Quizá la variante más evocadora para el purista es el Esprit GT3 de 1997, que rescataba el motor 2.0 del mercado italiano —el Type 920— con 240 CV y un peso inferior a 1.230 kg, lo que se traducía en una agilidad casi de kart. Solo se construyeron 190 unidades, ninguna de ellas importada oficialmente a Estados Unidos. Hoy esa rareza, sumada a la pureza de su concepto, lo sitúa en la antesala de los precios de un V8, a partir de los 70.000 dólares. Los S4 Turbo convencionales, por contra, todavía se mueven en una horquilla accesible: entre 35.000 y 45.000 dólares en el mercado estadounidense (unos 32.000 a 41.000 euros al cambio actual), mientras que un S4s en buen estado rara vez baja de los 50.000 dólares. Con todo, siguen siendo sensiblemente más asequibles que un Ferrari 348, un Porsche 911 Turbo de la generación 964 o incluso un NSX, sus rivales naturales de la época.

El último cuatro cilindros del Esprit es también el más depurado, una lección de cómo Colin Chapman entendía la ligereza y la eficacia dinámica.
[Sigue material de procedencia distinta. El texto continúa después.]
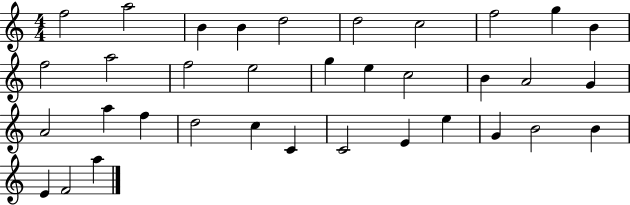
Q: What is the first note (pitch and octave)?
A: F5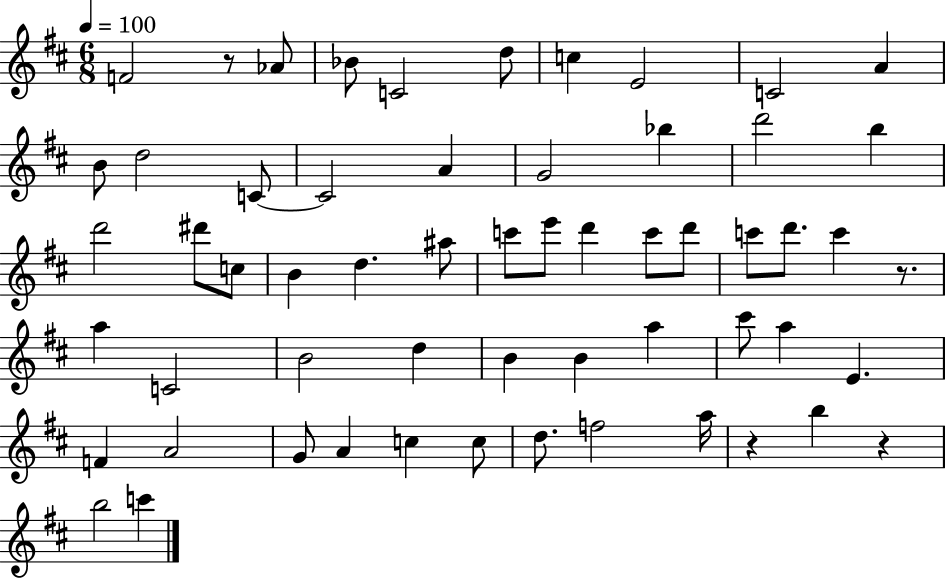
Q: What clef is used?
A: treble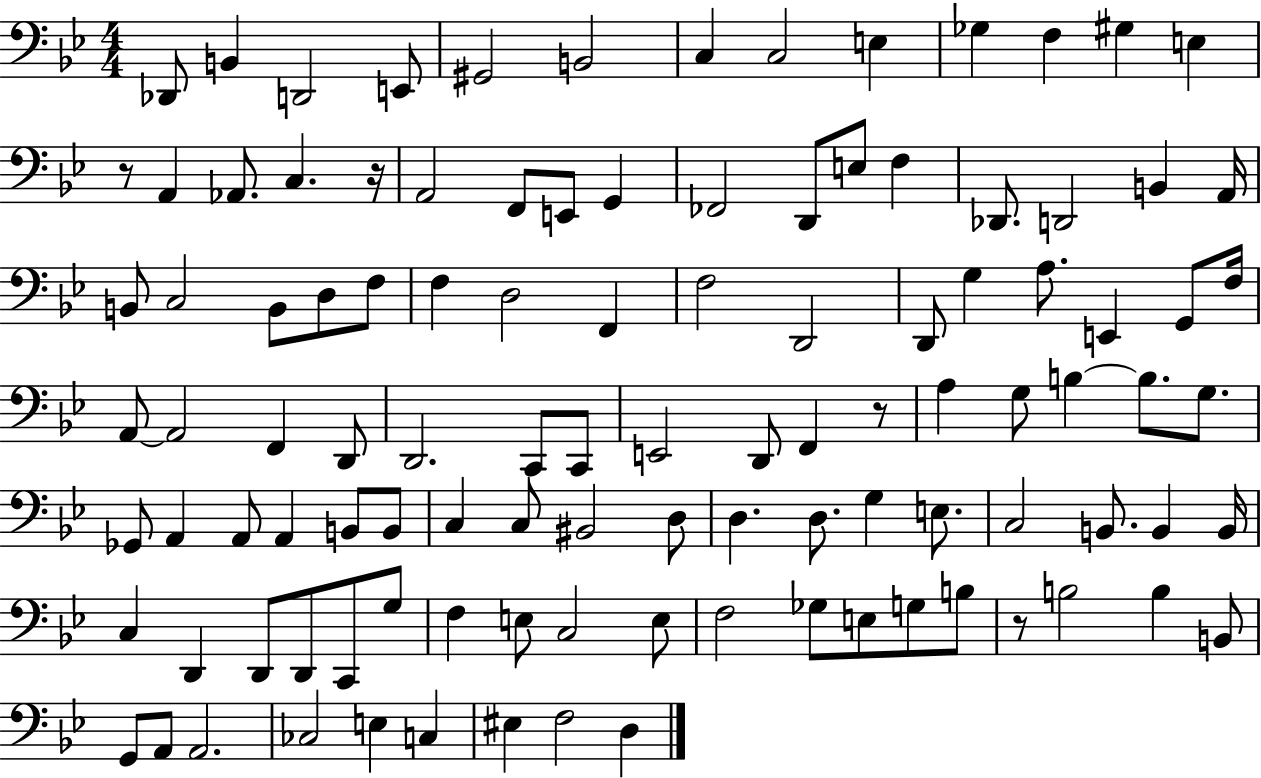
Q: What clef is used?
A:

Para quien se plantee la compra, el historial de mantenimiento es el verdadero pasaporte. Los motores de aluminio necesitan un anticongelante con inhibidor de corrosión específico y la costumbre de no dejar que el coche se caliente al ralentí: las levas se apoyan directamente sobre el aluminio de la culata y la lubricación a bajas revoluciones es precaria, así que conviene arrancar y circular de inmediato. Los puntos débiles son los habituales: colectores de escape fisurados por los ciclos térmicos, radiadores obstruidos y depósitos de combustible corroídos —si al abrir la puerta se percibe un fuerte olor a gasolina, la reparación es muy costosa—. La fibra de vidrio, fabricada desde la Serie 3 mediante el proceso VARI con refuerzo de Kevlar en techo y laterales, suele conservarse bien, pero no esperemos la calidad de un Corvette.